Setya Novanto (kanan) bersama Fadli Zon dalam jumpa pers terkait pertemuan dengan Donald Trump di Senayan, Jakarta, 14 September 2015. Proyek bersama Hary Tanoesoedibjo dan Donald Trump adalah pengelolaan resor di kawasan Lido, Bogor, Jawa Barat. TEMPO/Dhemas Reviyanto
TEMPO.CO, Jakarta - Mahkamah Kehormatan Dewan akan membahas pelanggaran kode etik pimpinan DPR dalam rapatnya Senin, 12 Oktober 2015. Pelanggaran ini terkait dengan kedatangan pimpinan DPR, Setya Novanto dan Fadli Zon, ke konferensi pers Donald Trump. "Sudah dipanggil tapi belum ada jawaban," kata Wakil Ketua Mahkamah Kehormatan DPR Sufmi Dasco Ahmad pada Tempo di Jakarta, Minggu, 11 Oktober 2015.
Salah satu pelapor kasus dugaan kode etik sekaligus anggota fraksi Partai Demokrasi Indonesia Perjuangan, Adian Napitupulu mengatakan akan menyerahkan sepenuhnya hasil pemeriksaan kepada MKD. Namun, ia meminta MKD untuk memberikan sanksi yang tegas bagi keduanya. "Ini masalahnya terkait kehormatan DPR. Dalam MKD seseorang dapat dilepas jabatannya jika melanggar tata negara," ujar Adian pada Tempo.

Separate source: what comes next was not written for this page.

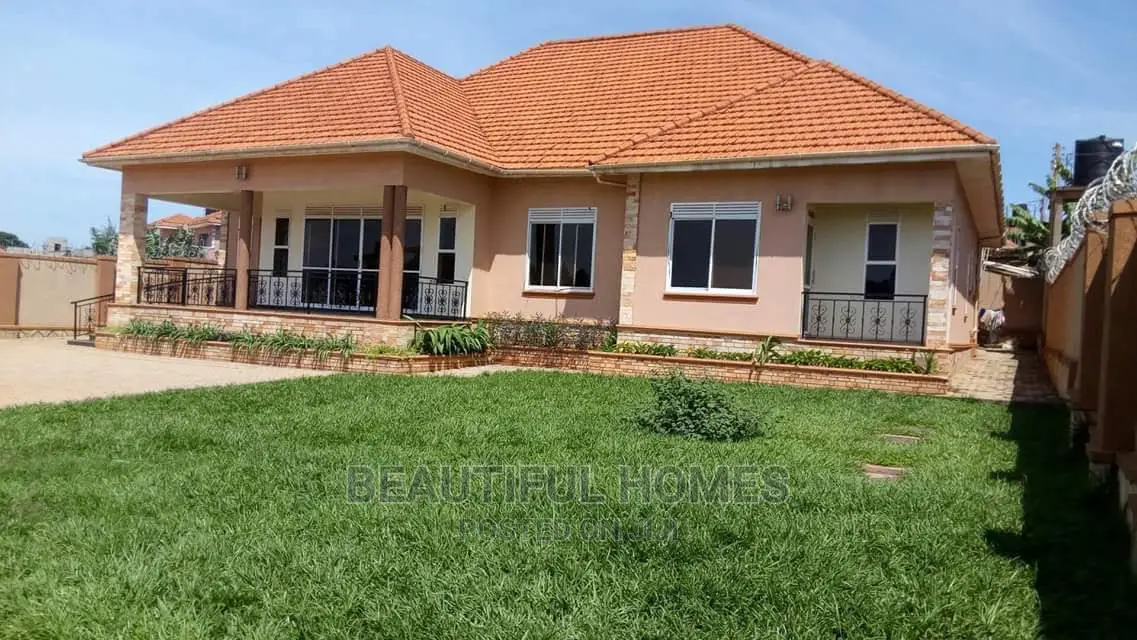 Furnished 4bdrm House in Kira, Kampala for Sale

Adian percaya MKD dapat berlaku adil dan memiliki loyalitas terhadap rakyat. Ia menganggap tindakan kedua pimpinan DPR telah menjadikan DPR bahan tertawaan. Apalagi status keduanya sebagai pimpinan Dewan, yang bisa dianggap bahwa keduanya pergi sebagai perwakilan 560 anggota DPR lainnya. Menurut Adian, hadir di konferensi pers calon presiden Amerika tersebut tidak sepatutnya dilakukan. Bahkan menurut dia hadir di pemilihan kepala daerah di dalam negeri saja tidak boleh, apalagi ini di acara kampanye presiden Amerika.
Pada awal September lalu, Setya Novanto berserta rombongan terlihat hadir di acara konferensi pers calon presiden Amerika, Donald Trump. Hal ini lantas menuai kontroversi di dalam negeri dan juga menjadi perhatian manca negara. Atas hal ini dua pimpinan Dewan yang hadir, yakni Setya Novanto dan Fadli Zon dilaporkan ke MKD terkait dengan dugaan pelanggaran kode etik.